Work request: The required answer is an exact copy of every line from the beginning of the entries through the line with "Grandfather and grandchildren", with all pictures omitted.

Data shown:
╭──
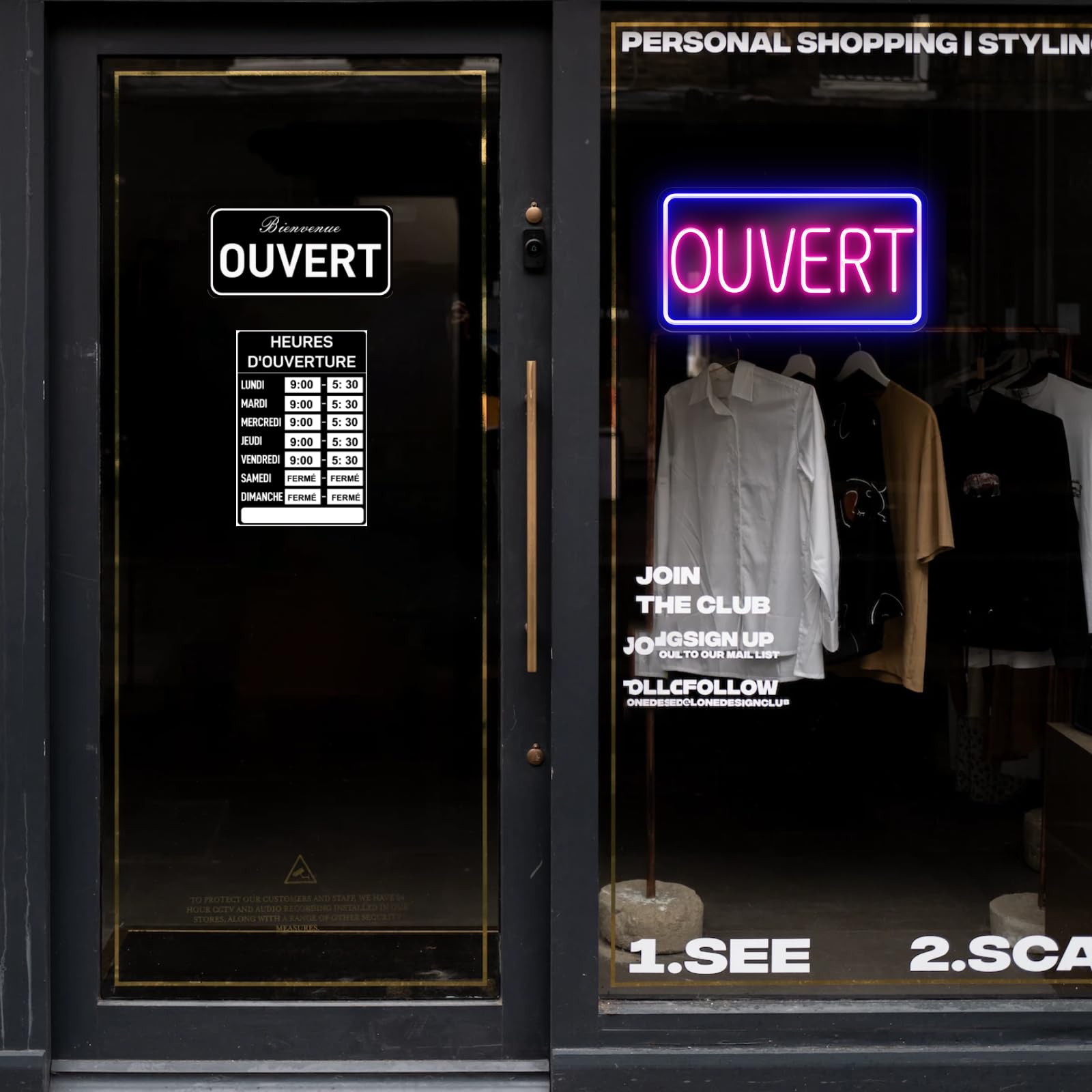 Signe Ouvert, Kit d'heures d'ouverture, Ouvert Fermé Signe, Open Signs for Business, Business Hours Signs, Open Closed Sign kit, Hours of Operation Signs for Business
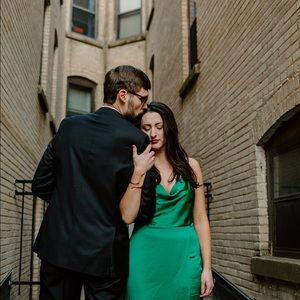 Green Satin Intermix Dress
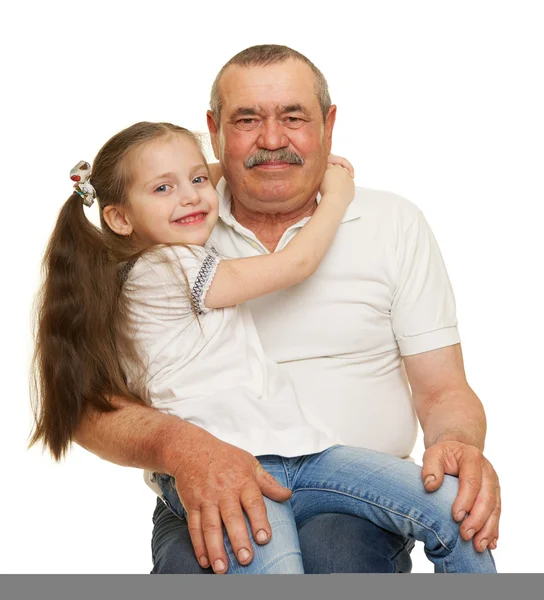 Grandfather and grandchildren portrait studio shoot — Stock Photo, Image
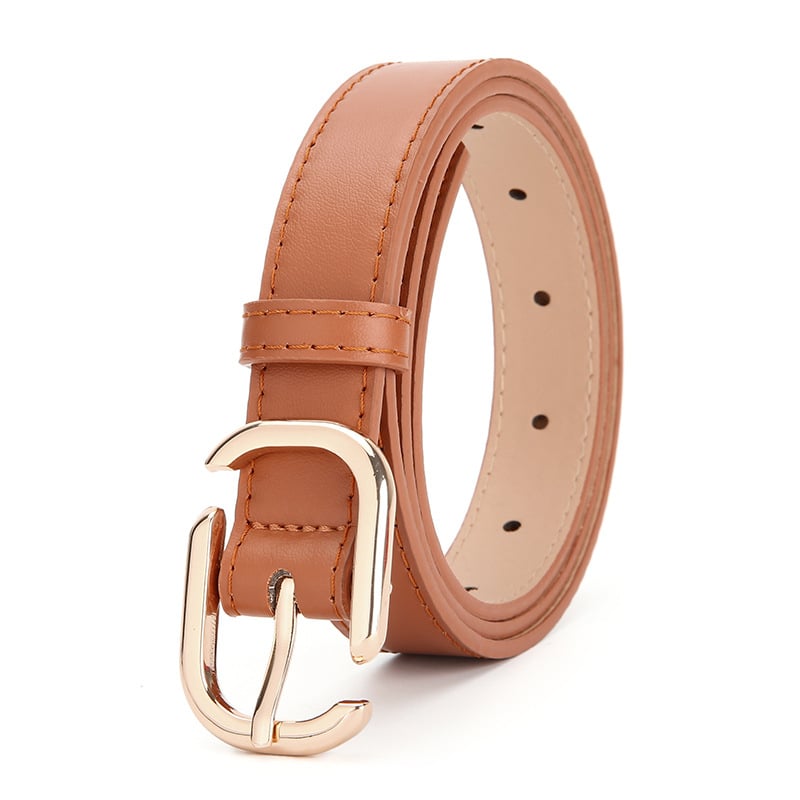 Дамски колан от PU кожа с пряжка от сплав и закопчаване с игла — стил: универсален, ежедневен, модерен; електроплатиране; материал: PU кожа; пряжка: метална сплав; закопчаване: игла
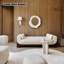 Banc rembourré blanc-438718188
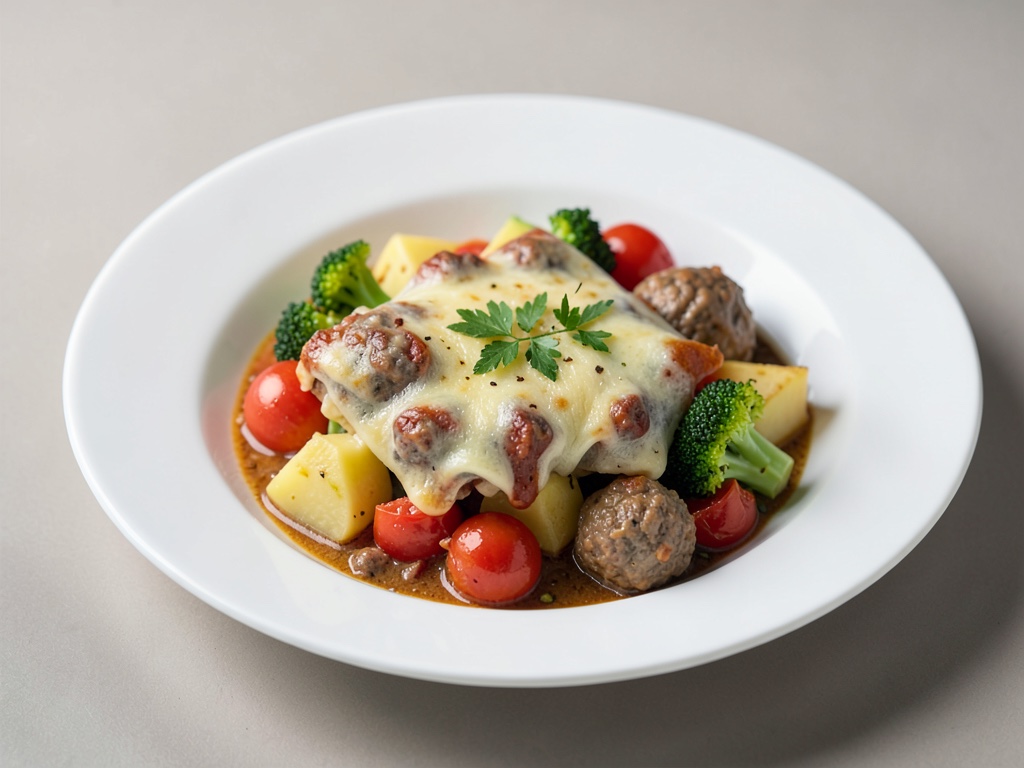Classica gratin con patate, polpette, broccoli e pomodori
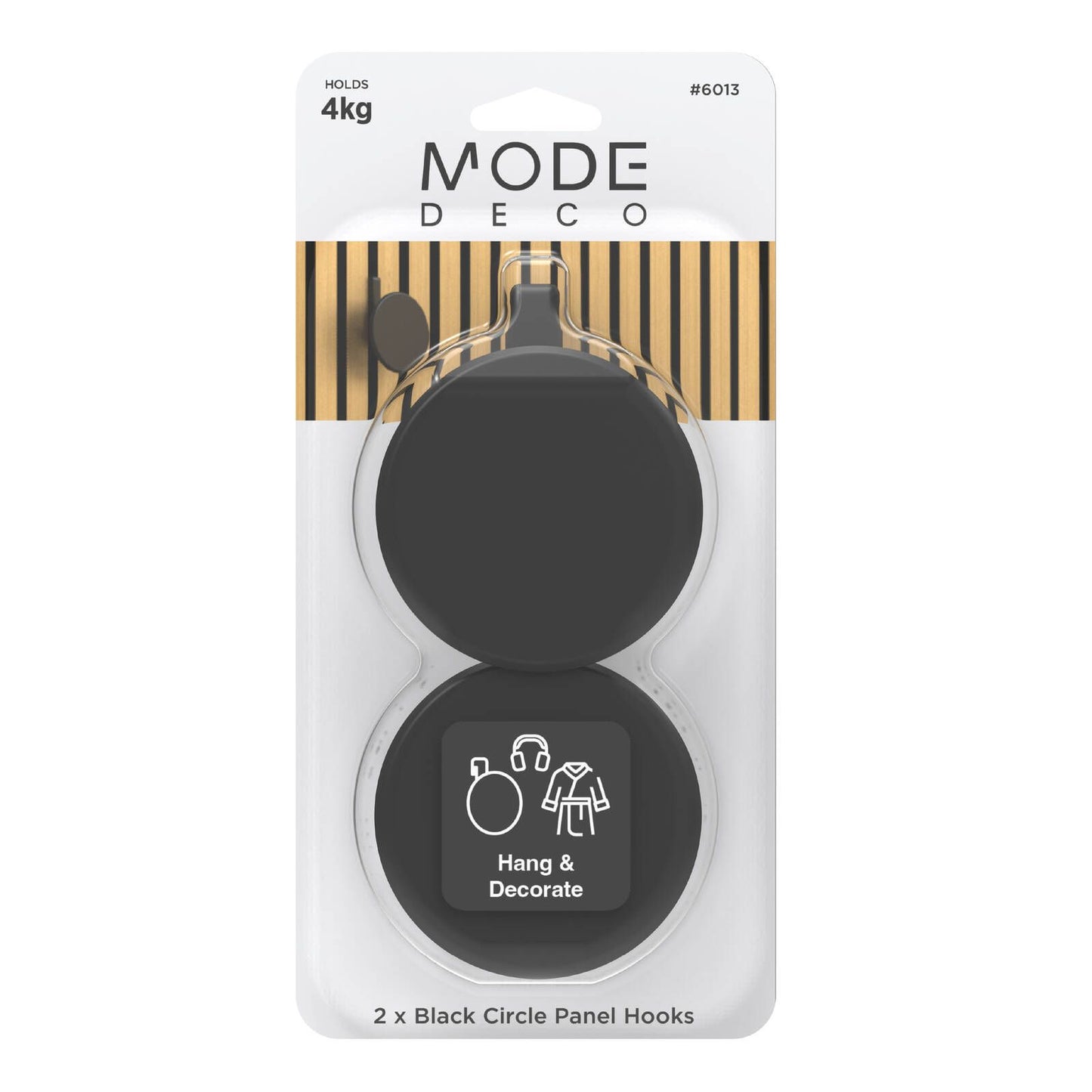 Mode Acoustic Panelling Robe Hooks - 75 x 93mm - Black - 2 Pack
╰──
Your response:
 Signe Ouvert, Kit d'heures d'ouverture, Ouvert Fermé Signe, Open Signs for Business, Business Hours Signs, Open Closed Sign kit, Hours of Operation Signs for Business
 Green Satin Intermix Dress
 Grandfather and grandchildren portrait studio shoot — Stock Photo, Image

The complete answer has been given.